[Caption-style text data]
────────

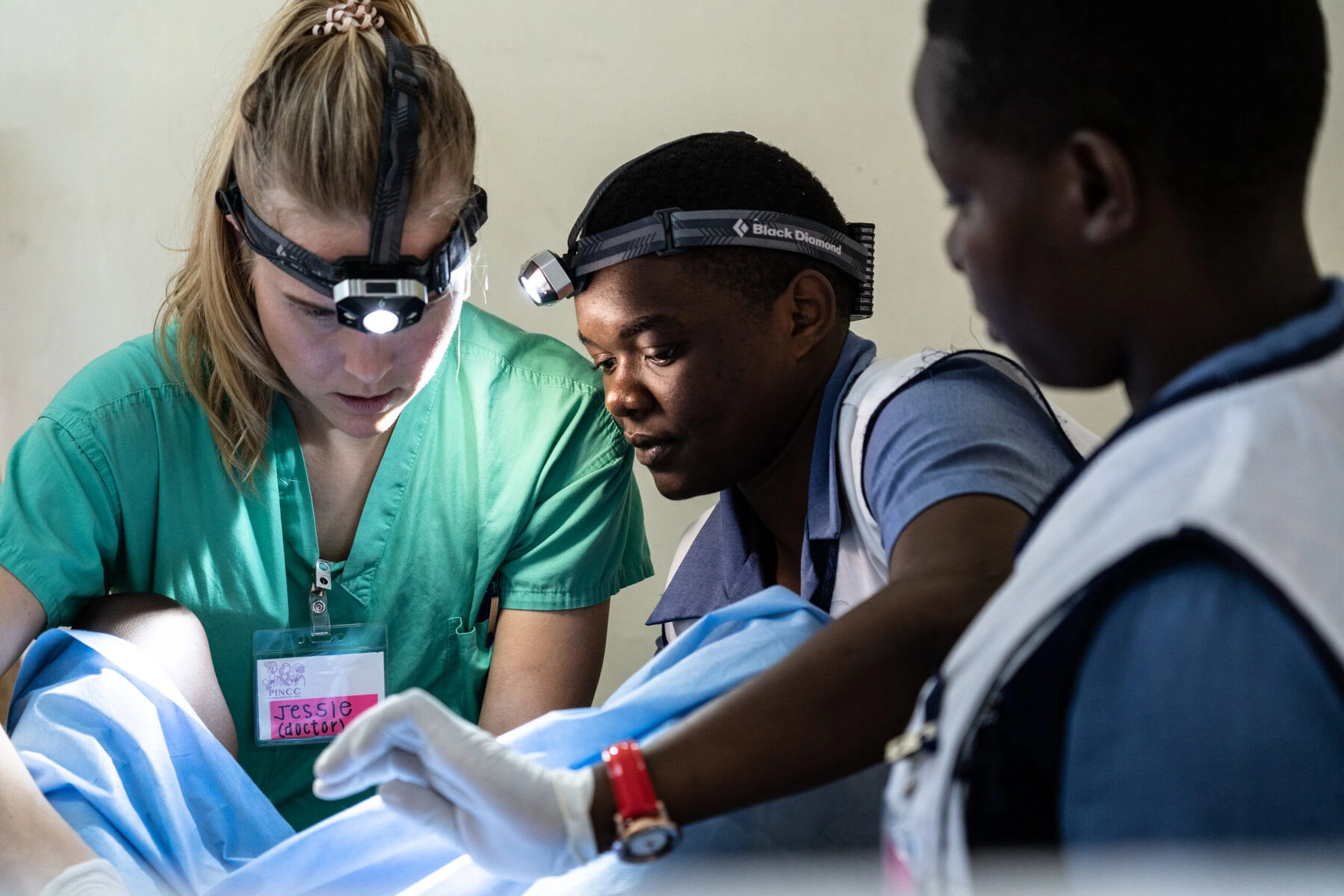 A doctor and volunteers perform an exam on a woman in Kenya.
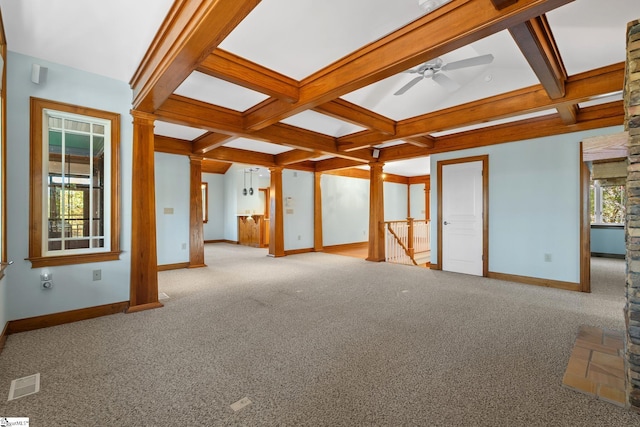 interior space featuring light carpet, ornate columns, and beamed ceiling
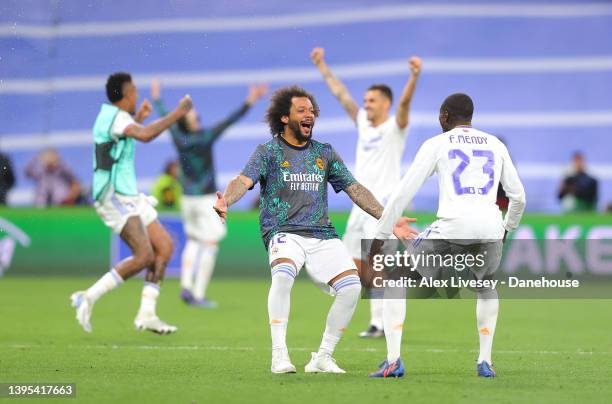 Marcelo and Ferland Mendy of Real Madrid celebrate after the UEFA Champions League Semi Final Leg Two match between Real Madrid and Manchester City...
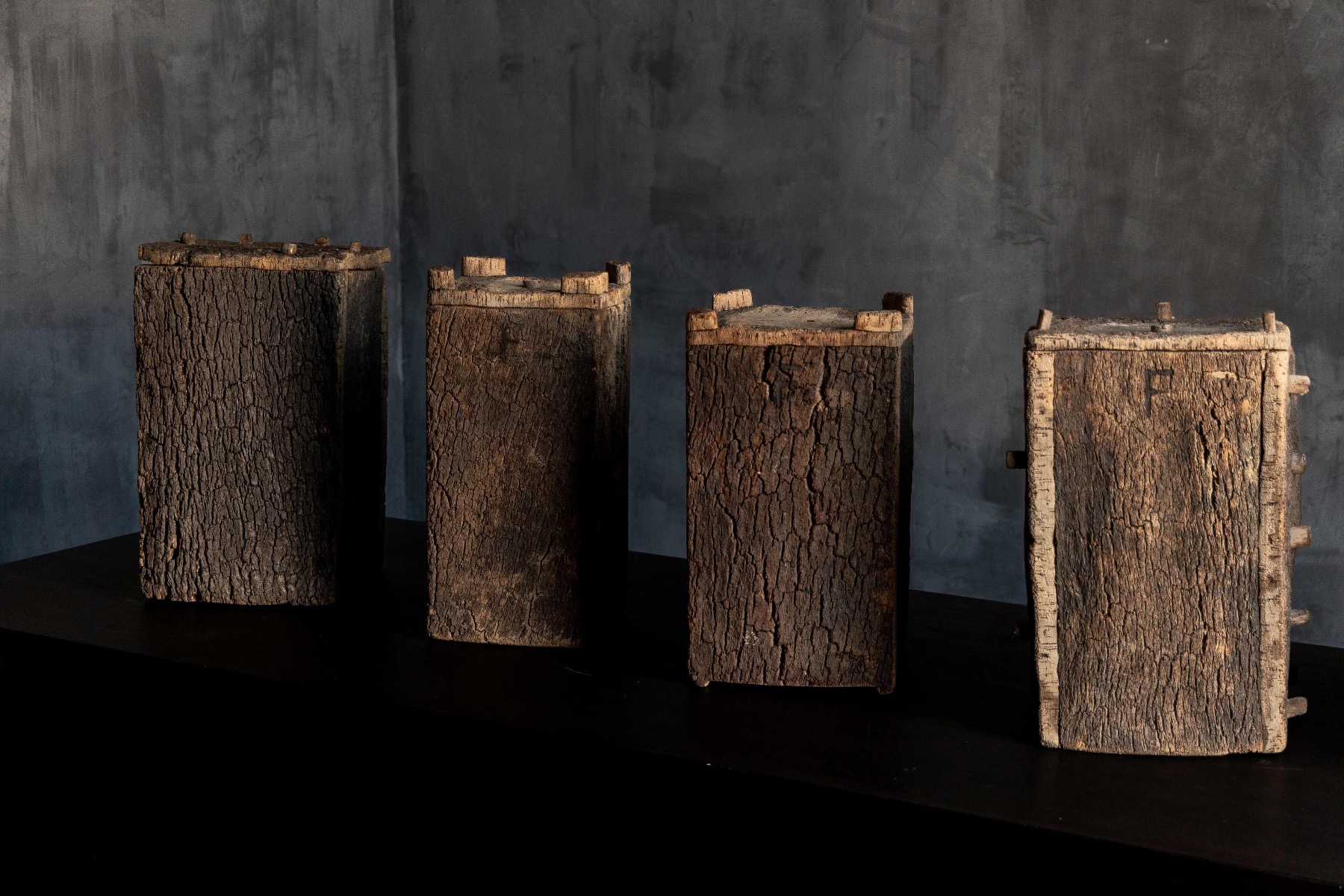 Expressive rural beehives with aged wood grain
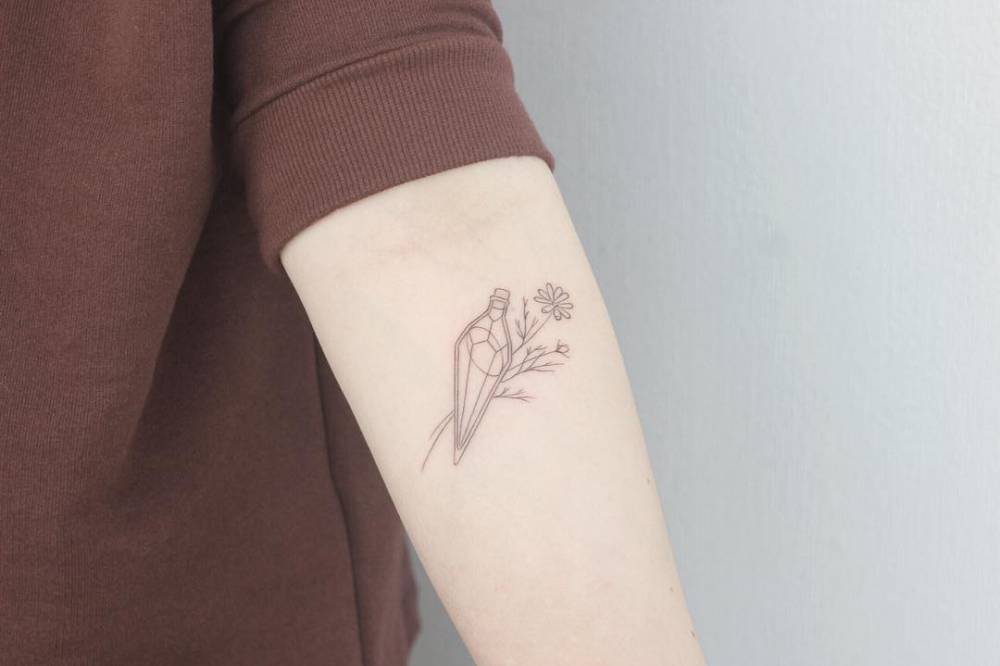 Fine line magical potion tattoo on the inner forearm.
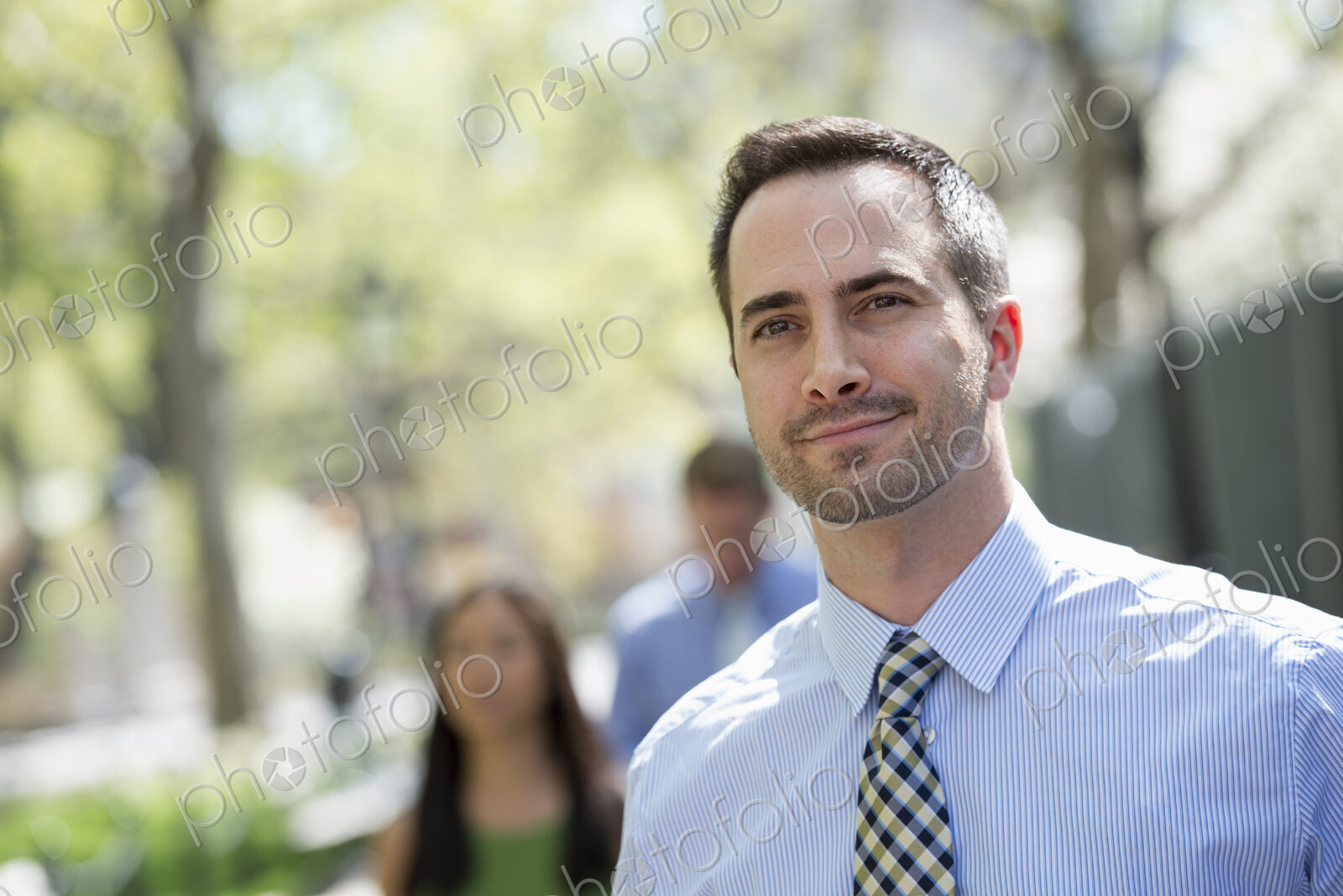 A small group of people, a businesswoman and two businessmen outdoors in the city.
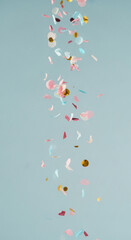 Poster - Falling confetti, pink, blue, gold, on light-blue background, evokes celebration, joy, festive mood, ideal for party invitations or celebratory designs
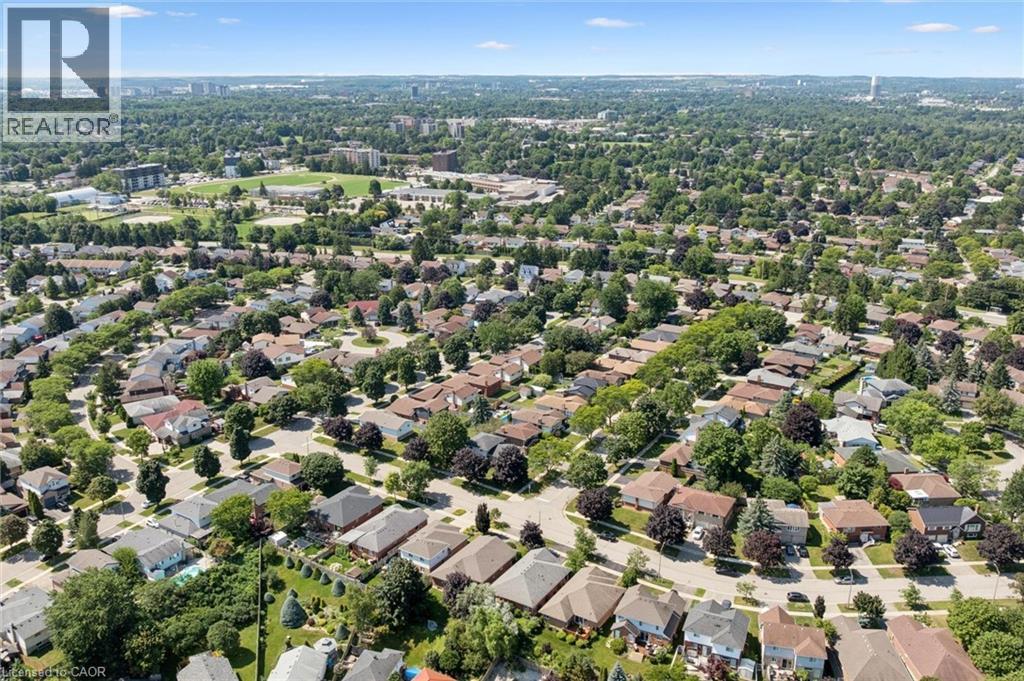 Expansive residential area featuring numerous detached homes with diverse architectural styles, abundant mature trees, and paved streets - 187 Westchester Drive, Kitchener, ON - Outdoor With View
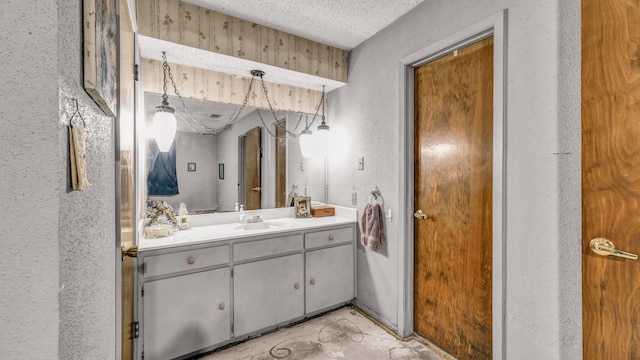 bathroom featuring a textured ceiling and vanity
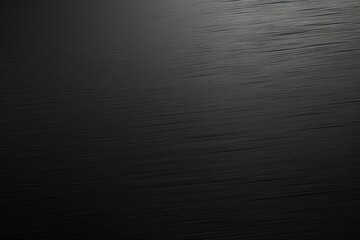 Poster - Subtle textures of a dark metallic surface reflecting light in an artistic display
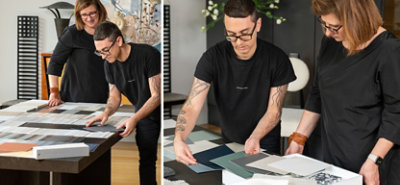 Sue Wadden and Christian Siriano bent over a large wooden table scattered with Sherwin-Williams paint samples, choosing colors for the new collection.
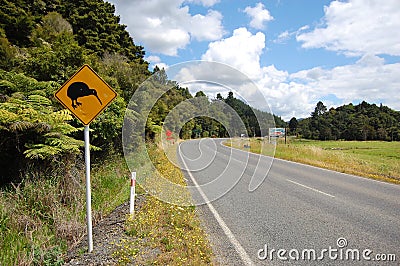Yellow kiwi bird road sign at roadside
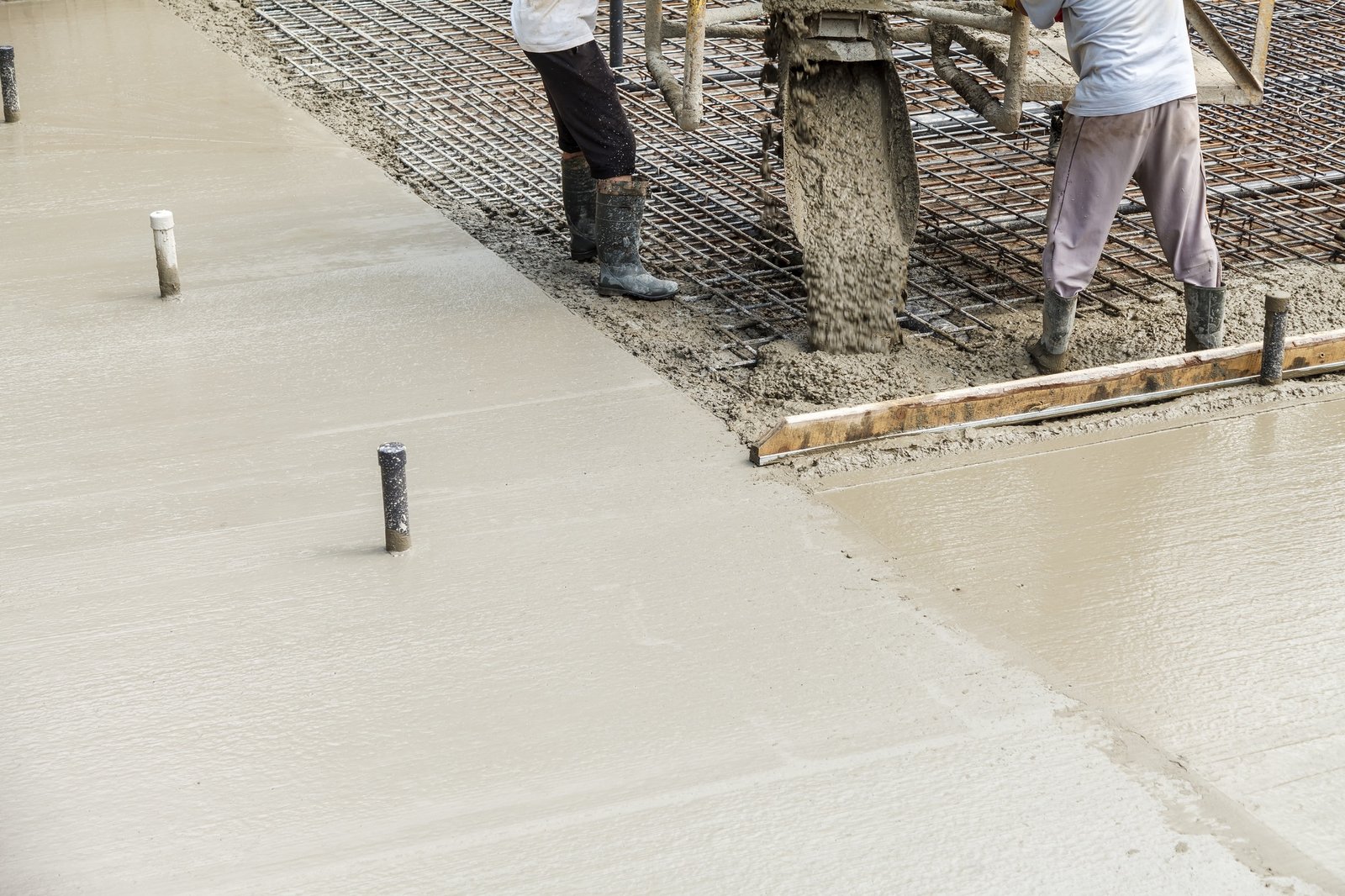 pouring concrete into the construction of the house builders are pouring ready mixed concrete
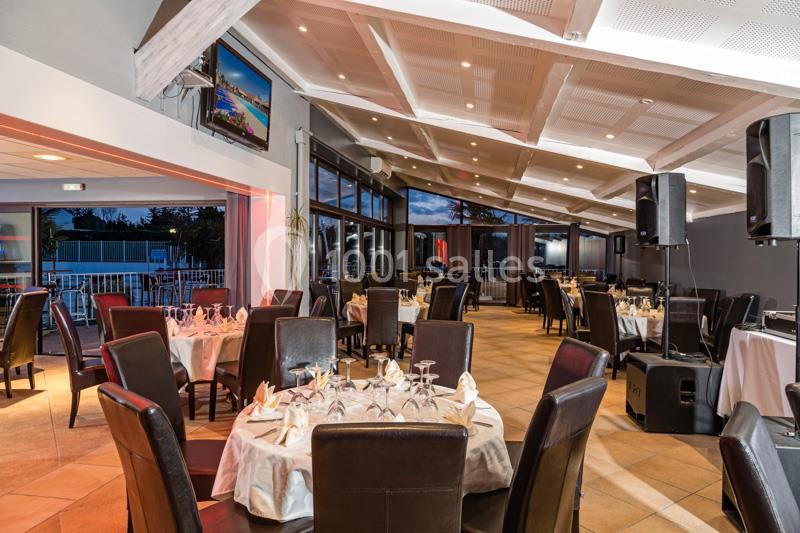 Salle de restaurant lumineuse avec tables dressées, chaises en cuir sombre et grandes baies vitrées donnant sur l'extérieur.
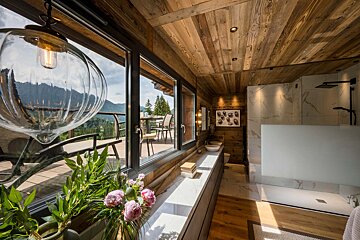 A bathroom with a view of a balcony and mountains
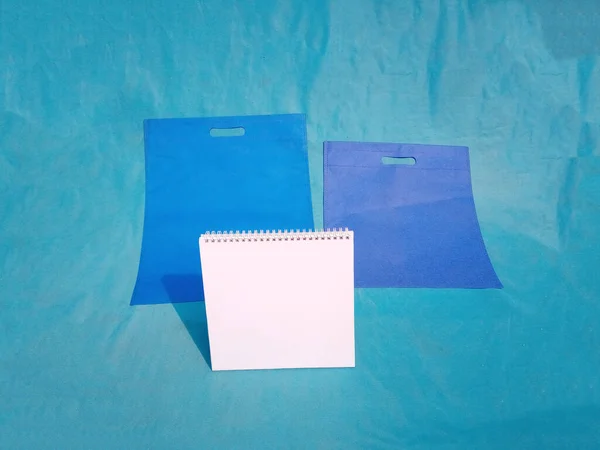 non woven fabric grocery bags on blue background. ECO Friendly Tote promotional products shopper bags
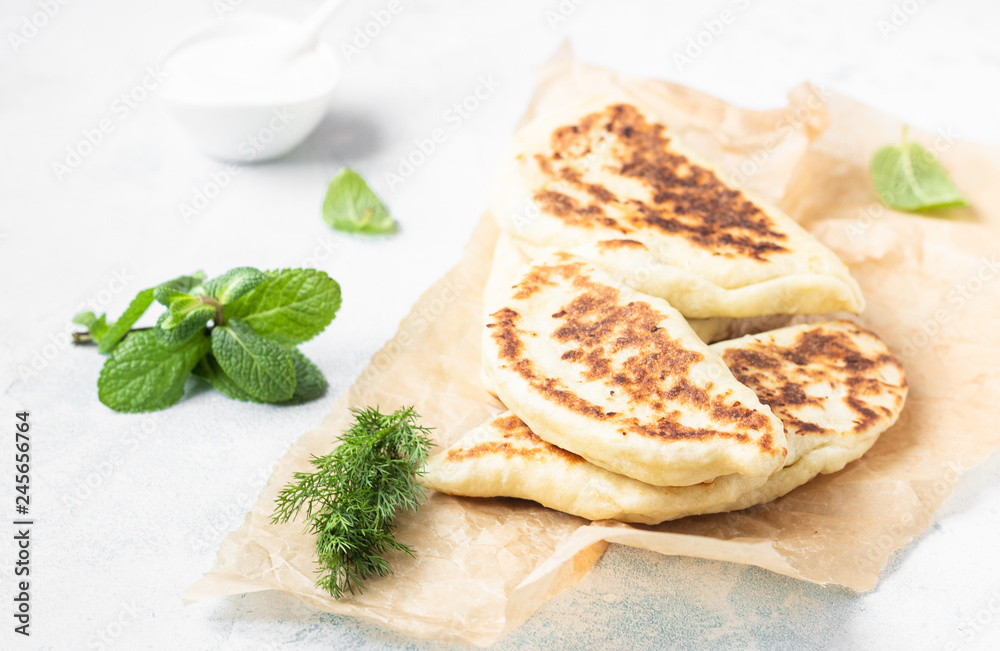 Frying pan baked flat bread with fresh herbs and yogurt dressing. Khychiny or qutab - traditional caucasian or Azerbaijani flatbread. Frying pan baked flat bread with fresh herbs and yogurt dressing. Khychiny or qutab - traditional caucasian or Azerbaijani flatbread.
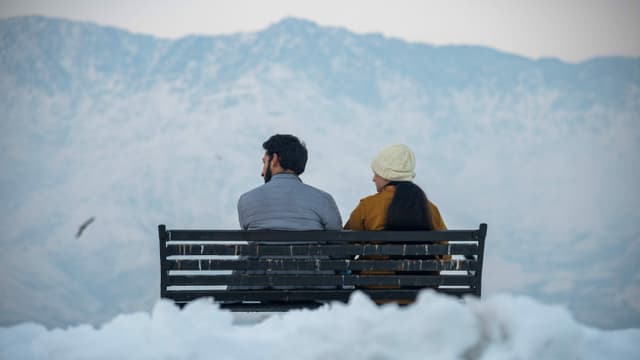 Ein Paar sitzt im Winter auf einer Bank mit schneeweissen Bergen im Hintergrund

────────

▸ **WHAT IS BEING ASKED**
Set the data above down again exactly as given, with no pictures.

▸ **OUTPUT FOR THIS TASK**
 A doctor and volunteers perform an exam on a woman in Kenya.
 interior space featuring light carpet, ornate columns, and beamed ceiling
 Marcelo and Ferland Mendy of Real Madrid celebrate after the UEFA Champions League Semi Final Leg Two match between Real Madrid and Manchester City...
 Expressive rural beehives with aged wood grain
 Fine line magical potion tattoo on the inner forearm.
 A small group of people, a businesswoman and two businessmen outdoors in the city.
 Poster - Falling confetti, pink, blue, gold, on light-blue background, evokes celebration, joy, festive mood, ideal for party invitations or celebratory designs
 Expansive residential area featuring numerous detached homes with diverse architectural styles, abundant mature trees, and paved streets - 187 Westchester Drive, Kitchener, ON - Outdoor With View
 bathroom featuring a textured ceiling and vanity
 Poster - Subtle textures of a dark metallic surface reflecting light in an artistic display
 Sue Wadden and Christian Siriano bent over a large wooden table scattered with Sherwin-Williams paint samples, choosing colors for the new collection.
Yellow kiwi bird road sign at roadside
 pouring concrete into the construction of the house builders are pouring ready mixed concrete
 Salle de restaurant lumineuse avec tables dressées, chaises en cuir sombre et grandes baies vitrées donnant sur l'extérieur.
 A bathroom with a view of a balcony and mountains
 non woven fabric grocery bags on blue background. ECO Friendly Tote promotional products shopper bags
 Frying pan baked flat bread with fresh herbs and yogurt dressing. Khychiny or qutab - traditional caucasian or Azerbaijani flatbread. Frying pan baked flat bread with fresh herbs and yogurt dressing. Khychiny or qutab - traditional caucasian or Azerbaijani flatbread.
 Ein Paar sitzt im Winter auf einer Bank mit schneeweissen Bergen im Hintergrund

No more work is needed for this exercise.